MAY 10 th　 Key Note LectureS

Non-antigen-dependent CD8T-activation promotes salt-sensitive hypertension

Department of Pharmacology and Toxicology University of Arkansas for Medical Sciences  Shengyu Mu

Background: Hypertension is a significant public health problem worldwide, but the pathophysiologic mechanisms are only partially understood. CD8+ T cells (CD8Ts) have been implicated recently in the development of salt-sensitive hypertension. However, the specific mechanisms and key players involved in this process still need to be fully understood.

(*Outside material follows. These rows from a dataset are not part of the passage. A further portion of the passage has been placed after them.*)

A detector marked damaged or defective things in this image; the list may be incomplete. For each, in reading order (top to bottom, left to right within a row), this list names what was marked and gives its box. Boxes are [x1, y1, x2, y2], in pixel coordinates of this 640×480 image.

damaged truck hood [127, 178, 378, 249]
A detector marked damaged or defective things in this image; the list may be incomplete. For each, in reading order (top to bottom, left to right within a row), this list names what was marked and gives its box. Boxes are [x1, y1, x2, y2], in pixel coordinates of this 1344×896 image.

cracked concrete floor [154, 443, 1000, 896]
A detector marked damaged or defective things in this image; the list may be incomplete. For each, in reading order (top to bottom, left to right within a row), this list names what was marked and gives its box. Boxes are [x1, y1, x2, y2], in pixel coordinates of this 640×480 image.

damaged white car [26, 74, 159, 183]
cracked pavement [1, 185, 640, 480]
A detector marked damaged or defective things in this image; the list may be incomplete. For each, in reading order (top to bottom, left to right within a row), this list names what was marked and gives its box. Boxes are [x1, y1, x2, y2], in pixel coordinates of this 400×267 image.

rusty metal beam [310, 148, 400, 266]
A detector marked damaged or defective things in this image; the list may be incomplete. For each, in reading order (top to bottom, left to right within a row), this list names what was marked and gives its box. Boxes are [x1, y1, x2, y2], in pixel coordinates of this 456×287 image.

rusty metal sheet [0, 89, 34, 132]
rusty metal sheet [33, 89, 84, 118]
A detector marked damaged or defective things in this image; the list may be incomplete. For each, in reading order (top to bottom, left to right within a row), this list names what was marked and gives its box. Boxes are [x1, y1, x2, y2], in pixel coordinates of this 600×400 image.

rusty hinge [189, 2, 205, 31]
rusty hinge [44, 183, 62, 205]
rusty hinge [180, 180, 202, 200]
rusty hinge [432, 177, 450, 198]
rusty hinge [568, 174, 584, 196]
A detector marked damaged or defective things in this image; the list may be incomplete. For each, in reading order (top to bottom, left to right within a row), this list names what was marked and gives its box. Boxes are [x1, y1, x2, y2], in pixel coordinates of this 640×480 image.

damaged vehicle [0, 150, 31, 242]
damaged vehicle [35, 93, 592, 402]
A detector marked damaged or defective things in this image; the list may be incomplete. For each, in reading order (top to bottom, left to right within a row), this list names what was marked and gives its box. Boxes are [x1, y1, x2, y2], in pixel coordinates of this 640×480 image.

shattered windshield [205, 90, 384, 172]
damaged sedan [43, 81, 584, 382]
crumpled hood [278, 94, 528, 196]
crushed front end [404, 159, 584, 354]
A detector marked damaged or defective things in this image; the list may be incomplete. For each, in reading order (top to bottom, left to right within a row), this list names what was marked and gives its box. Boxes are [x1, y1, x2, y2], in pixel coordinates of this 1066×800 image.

In this study, we used in-vivo models of hypertension and ex-vivo assays of CD8T signaling to investigate the contribution of the P2X7 receptor to CD8T activation and subsequent promotion of sodium retention by the sodium chloride cotransporter (NCC) in the kidney.

Methods: We employed the DOCA/salt and CD8T-adoptive transfer mouse models of hypertension. Wild-type (WT) were used as genetic controls, OT-1 mice were utilized to determine antigen dependency of CD8T-activation, and P2X7-KO mice were studied to define the role of P2X7 in activating CD8Ts and promoting hypertension. Blood pressure was monitored continuously using biotelemetry, and kidneys were obtained at different experimental endpoints for analysis. For activation assays and ATP stimulation, freshly isolated CD8Ts were obtained from sham and hypertensive mice. The role of P2X7 in CD8T activation and promotion of NCC-mediated sodium retention was explored in CD8Ts and mouse distal convoluted tubule cells (DCTs) co-cultures.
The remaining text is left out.